In the situation mentioned there is a blindspot where a child could be (for
whatever reason) and a wall on the other side of the road. The vehicle was
traveling fast enough so that it could not stop or avoid the child and if it
crashed into the wall it would kill the passengers, in my opinion this vehicle
in this situation was traveling too fast.

How about this scenario, say you purchase an autonomous supercar that can
travel at 150+ MPH down the highway and a deer approaches the road, the
vehicle should slow down to a point where it can safely avoid the deer no
matter what random action it takes, correct? If the deer hits the car,
everybody loses so it is in everyone's best interest to avoid that situation
even if it means that person gets to work a few seconds later every day
because there are always deer at a certain place on the highway.

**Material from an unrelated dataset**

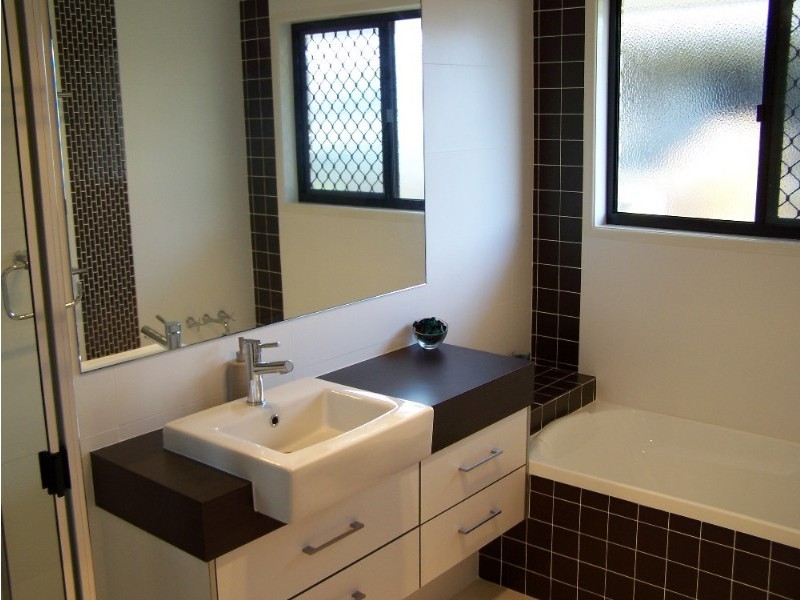 4 Vaglass Street, Yeppoon QLD 4703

This is especially true in cities, yes, autonomous cars could probably
"safely" travel at 100+ MPH but if something unexpected happens it would not
be acceptable to hit several pedestrians due to the unknown happening, like
someone or an animal running out into the street.

------
lotsofmangos
_" When robot cars must kill, there are good reasons why designers should not
be the ones picking victims."_

There are also good reasons for them to be picking victims, in the case
presented, switching control to the driver may increase the chance of both the
child and the driver dying. The designers of roads made the decision anyway,
roads for motor vehicles could all have big sidewalls and be up on stilts and
never be a threat to pedestrians or wildlife, if we wanted them to. It would
be very expensive to do this, so we accept the deaths.